Ross Perot, Texas billionaire and philanthropist, dies at 89
“Can’t know where you’re going if you don’t know where you’ve been” is a pretty good philosophy upon which to base the study of business and economic affairs, which this column purports to do, thus explaining the occasional fixation on the passing of once notable names, be they people, companies, products, controversies or trends.
These aren’t mere exercises in nostalgia (well, all right, the last item today qualifies as that) but exercises in explaining how we got into the fixes we find ourselves in today. And lately there’s been a surplus of opportunities to tie the news of the past to the news of today as a way of predicting the news of tomorrow.
So, fast on the heels of last week’s ruminations on the passing of Lee Iacocca, we offer a few more:
▪ Most of the coverage of the death of H. Ross Perot focused on his two presidential runs in 1992 and 1996, and whether he was the difference in tipping the first election to Bill Clinton (very likely) or a precursor to the Donald Trump model of an irascible wealthy outsider making a foray into politics (in many ways, yes).
Less commented upon is why anyone took note of Perot in the first place, he being hardly the first or last wealthy business executive to imagine himself as presidential material.
Perot made his name and fortune as the founder of Electronic Data Systems, a technology services company that in some ways was a very early forerunner to what cloud-computing-services companies are doing today. EDS was acquired by General Motors in 1984 for $2.5 billion. Perot joined the General Motors board and promptly began tangling with GM’s chief executive Roger Smith over everything from the quality of the company’s cars to its bloated and stultifying management structure. What inflamed the conflict was Perot’s penchant for voicing his pointed criticisms not just in the board room but in public.
GM eventually pushed Perot out with some go-away money, but reading the criticisms with the advantage of hindsight it’s easy to conclude that Perot might have been a royal pain as a corporate colleague, but he was also right. GM still struggles with some of the problems Perot was pointing out decades ago.
Perot also didn’t invent the suspicions among many Americans about the economic benefits of trade policies and trade deals like NAFTA, and he wasn’t the first national leader to give voice to those concerns — labor-union officials had been saying the same thing for a long time. But what was then considered a cranky, outlier view on trade is considered mainstream, creating an uncomfortable alliance of the Trump administration and most prominent Democrats.
▪ Speaking of cars, Volkswagen is ceasing production of the Beetle at its plant in Puebla, Mexico.
From its distinctive shape and sound to its equally distinctive advertising campaigns (black-and-white photographs for print, low-key humor for TV), as well as an affordable price and reputation for durability, the Beetle carved out its own niche in the automotive and cultural landscape that endured over the decades as other cars and companies came and went.

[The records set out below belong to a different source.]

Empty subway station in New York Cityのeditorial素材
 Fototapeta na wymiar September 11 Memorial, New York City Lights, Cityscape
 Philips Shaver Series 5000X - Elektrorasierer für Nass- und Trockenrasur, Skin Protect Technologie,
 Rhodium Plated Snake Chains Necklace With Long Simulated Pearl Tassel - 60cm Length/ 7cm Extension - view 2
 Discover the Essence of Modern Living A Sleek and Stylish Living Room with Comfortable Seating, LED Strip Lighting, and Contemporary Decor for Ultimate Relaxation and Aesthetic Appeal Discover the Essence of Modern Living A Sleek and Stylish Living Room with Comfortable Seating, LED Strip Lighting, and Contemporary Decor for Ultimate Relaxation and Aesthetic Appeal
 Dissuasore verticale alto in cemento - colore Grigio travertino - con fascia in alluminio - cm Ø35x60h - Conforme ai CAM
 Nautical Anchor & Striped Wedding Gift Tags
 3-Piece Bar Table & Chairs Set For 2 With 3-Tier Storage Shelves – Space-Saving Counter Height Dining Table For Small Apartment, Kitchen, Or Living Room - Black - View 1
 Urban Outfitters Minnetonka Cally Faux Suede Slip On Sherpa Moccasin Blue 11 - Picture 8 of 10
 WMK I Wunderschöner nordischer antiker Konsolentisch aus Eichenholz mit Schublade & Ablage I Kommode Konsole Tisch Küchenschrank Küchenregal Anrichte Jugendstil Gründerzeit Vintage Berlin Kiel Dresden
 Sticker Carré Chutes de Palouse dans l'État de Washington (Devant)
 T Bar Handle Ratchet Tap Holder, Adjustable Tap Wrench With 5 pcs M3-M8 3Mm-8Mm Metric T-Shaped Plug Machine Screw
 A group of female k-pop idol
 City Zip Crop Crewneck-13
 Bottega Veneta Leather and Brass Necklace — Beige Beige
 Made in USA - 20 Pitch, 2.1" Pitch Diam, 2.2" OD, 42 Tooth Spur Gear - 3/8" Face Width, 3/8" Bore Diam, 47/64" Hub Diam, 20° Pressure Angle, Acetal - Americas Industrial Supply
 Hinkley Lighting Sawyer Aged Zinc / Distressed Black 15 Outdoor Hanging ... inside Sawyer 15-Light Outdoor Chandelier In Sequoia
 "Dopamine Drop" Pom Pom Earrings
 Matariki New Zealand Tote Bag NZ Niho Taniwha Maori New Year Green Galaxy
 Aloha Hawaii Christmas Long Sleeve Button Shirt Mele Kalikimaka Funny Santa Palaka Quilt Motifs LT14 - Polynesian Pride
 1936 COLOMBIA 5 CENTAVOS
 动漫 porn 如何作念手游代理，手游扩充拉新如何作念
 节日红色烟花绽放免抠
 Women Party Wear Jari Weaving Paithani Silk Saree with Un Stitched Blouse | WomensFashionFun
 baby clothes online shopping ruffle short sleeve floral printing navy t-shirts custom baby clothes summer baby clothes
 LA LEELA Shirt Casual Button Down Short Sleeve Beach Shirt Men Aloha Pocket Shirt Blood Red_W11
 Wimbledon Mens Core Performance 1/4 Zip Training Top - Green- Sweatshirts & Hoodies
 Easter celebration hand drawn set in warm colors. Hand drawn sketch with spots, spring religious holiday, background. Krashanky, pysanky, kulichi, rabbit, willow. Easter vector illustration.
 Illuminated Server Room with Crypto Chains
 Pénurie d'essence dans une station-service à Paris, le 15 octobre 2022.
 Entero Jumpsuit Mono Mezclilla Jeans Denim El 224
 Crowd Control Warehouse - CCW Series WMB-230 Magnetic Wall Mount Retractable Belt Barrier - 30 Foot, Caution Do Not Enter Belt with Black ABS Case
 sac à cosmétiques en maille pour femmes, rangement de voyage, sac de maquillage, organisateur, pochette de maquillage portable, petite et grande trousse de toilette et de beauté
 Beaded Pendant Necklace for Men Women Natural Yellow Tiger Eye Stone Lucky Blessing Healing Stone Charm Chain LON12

Any nostalgia for the Beetle — at least for the original classic — is tempered by the experience of having to actually drive or ride in one. From the cramped interior to the noise to the notoriously woeful heater, the Beetle was not built for comfort.
Cars today are more comfortable, more fuel efficient and more reliable than their predecessors — and a lot duller and less distinctive. That goes double for their marketing. Is that a bad thing? Probably not. But the street-fair car shows of two or three decades from now — provided we’re still allowed to have those — are more likely to feature quirky, distinctive cars like the Beetle rather than the “can’t tell one from the other” vehicles of today.
▪ Finally, Mad magazine, whose publishers announced they’re ending the production of original material.
It would be nice to tell you readers that your columnist’s summer reading as a youth consisted of Shakespeare and other classics. Sadly, the menu tended more toward Hardy Boys mysteries, paperback compilations of Peanuts cartoons, and whatever copies of Mad could be scrounged up from friends. (Very few bothered with its lesser competitor, Cracked.)
Mad was alluring because there weren’t a lot of people working its particular satirical corner, and while kids read it it wasn’t directed at kids.
Mad was done in by several cultural and business shifts, starting with the tough times print media, including magazines, are having making their business models work in the internet era.
The bigger problem, though, is that its niche has been overrun since the heyday of the 1960s. It wasn’t just professional outfits like “Saturday Night Live” or The Onion that muscled in on Mad’s turf. As evidenced by the wealth of comedic material on YouTube and Twitter, these days literally everyone is a comedian, a point made in the book “Planet Funny” by “Jeopardy” champion turned writer (and Seattle-area resident) Ken Jennings.
Mad had a big role in creating the comedy wave that eventually relegated it to footnote status, and there’s an important business lesson in that. “What, me worry?” asked perennial Mad cover boy Alfred E. Neuman. If you’re not paying attention to who else might be interested in your little corner of the business world, if you no longer have something to offer that sets you apart from those competitors, then yes, you, worry.